Rattle controlled the dramatic pace marvellously and the orchestra sounded super - detailed, transparent and balanced extremely well with the singers. Hard to believe it was the same band that played that mismanaged, lumpen Mayerling the other week (conducted by, oh dear, um, one Mr Wordsworth).

Pelleas remains a conundrum of an opera because - well, what do you do with it? Nothing kills it stone-cold dead as much as naturalism. It's a Symbolist work, a conceptual piece where nothing can be taken at face value. So it begs a conceptual rendition. At least, one would think so. The music is what really counts, though; starship outfits or none, I still went home floating.

Monday, March 12, 2007

Speaking of new music...

In the light of the Gant/Wordsworth debacle, here's another take on attitudes to new work of debated quality.
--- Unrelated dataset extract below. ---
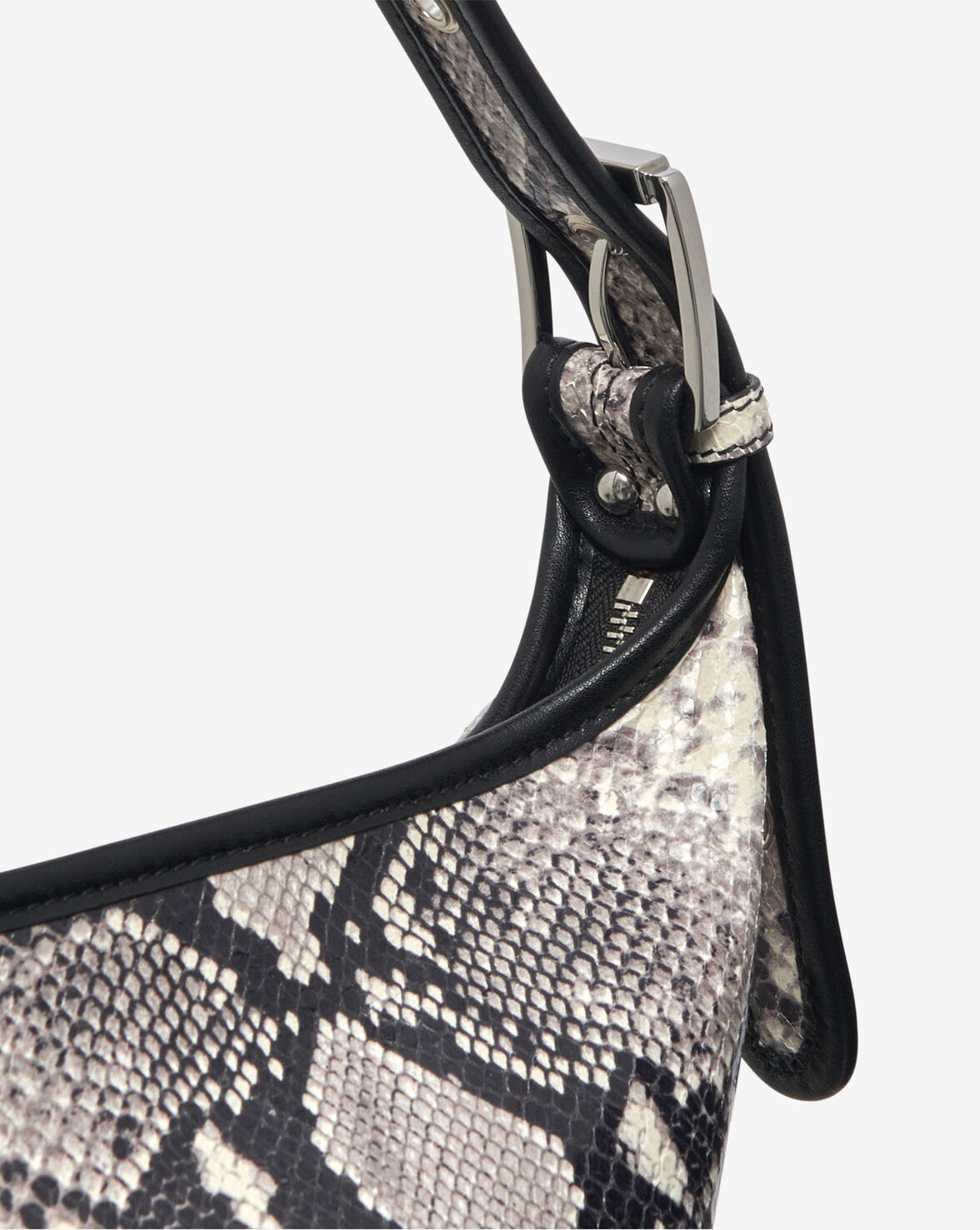 ZYKE PYTHON image number null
In today's Independent, I have an interview with Simon Keenlyside, who is singing Prospero in the revival at Covent Garden of Ades's smash-hit opera The Tempest, which opens tonight. I believe he's one of today's most fascinating baritones, a man with a brain as astute and analytical as any scientist, maybe more so than some.
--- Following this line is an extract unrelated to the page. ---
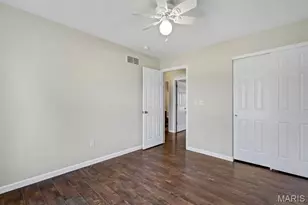 907 Sherwood Dr, Warrenton, MO 63383 - Photo 20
Some of you may remember that Keenlyside took the leading role in Lorin Maazel's 1984 at Covent Garden a couple of years ago. Now, that opera must have been among the most critically reviled creations to hit the London scene this decade, partly because Maazel was known to be funding its staging himself, partly perhaps because some people knew something that others of us didn't until we heard it. I was willing to give it a chance, but Tom and I were both so disappointed with the music that we voted with our feet at the interval. But the production team and the cast nevertheless gave that opera everything they had. The standards were world-class in every respect. One audience member has since assured me that it was the best evening he'd ever spent in the theatre.

I asked Simon Keenlyside about 1984 in the interview, but in the end decided not to include the topic in this article, since space is limited and of course we were focusing on The Tempest which is a very different kettle of Calibans. His answer was still very interesting. I don't generally include what you could call out-takes of interviews here in blogland, but under the circumstances, I will - because he found countless positive things to draw out of the experience. Here is a slightly edited transcript:

JD: I saw you in 1984 and thought you were magnificent, but I must admit I had some problems with the piece.
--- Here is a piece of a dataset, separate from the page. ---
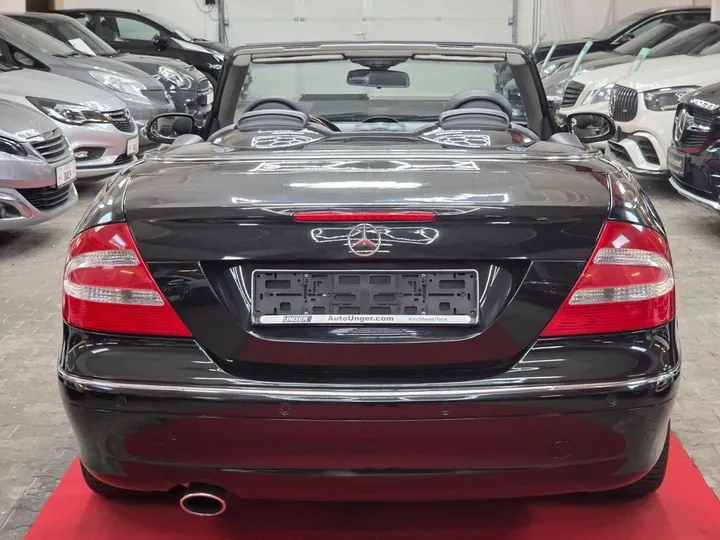 Mercedes-Benz CLK 320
SK: My job, if I accept the job, is – what’s that expression? Put up or shut up... If you’re booked to do a job, why would you want to pull the carpet out from under your own feet? If you’re on a stage, you’ve got to commit yourself 100%. And I’m not going to comment on the music, you wouldn’t expect me to of course, but I once read an old soldier saying that he always went to a man’s weaknesses through his strengths, so I’ll go as far as the strengths. I thought it was a good evening in the theatre. Whatever you think about the piece, I found a lot of worth in it and found it very enjoyable to do. Also I had Robert Lepage to deal with, which was an absolute privilege. Maazel is a brilliant man – just to be under his baton is a privilege. I’ve never seen anyone with such control, such ability to run a recipe like that and still have room in his head to talk to you. It’s great... Besides, people pay a lot of money for those tickets, and how can I argue my corner about opera, about music, if I think 'These people have paid a lot of money, they‘re in an uncertain state and we’re not committed to it?' I think most people are committed on stage, even if you didn’t like it. All of us have to take part in productions we can’t bear, we have no control but we’ve still got to give it our all...


UPDATE, 5.55pm: Over at On An Overgrown Path, Pliable casts some extremely interesting light on the background to the Gant/Wordsworth story. It seems that the political leanings and writings of the work's commissioner, R Atkinson frere, may be not irrelevant and will be highly uncomfortable, not to say repugnant, to much of the British arts community. Pliable applauds Wordsworth's decision. He may be right.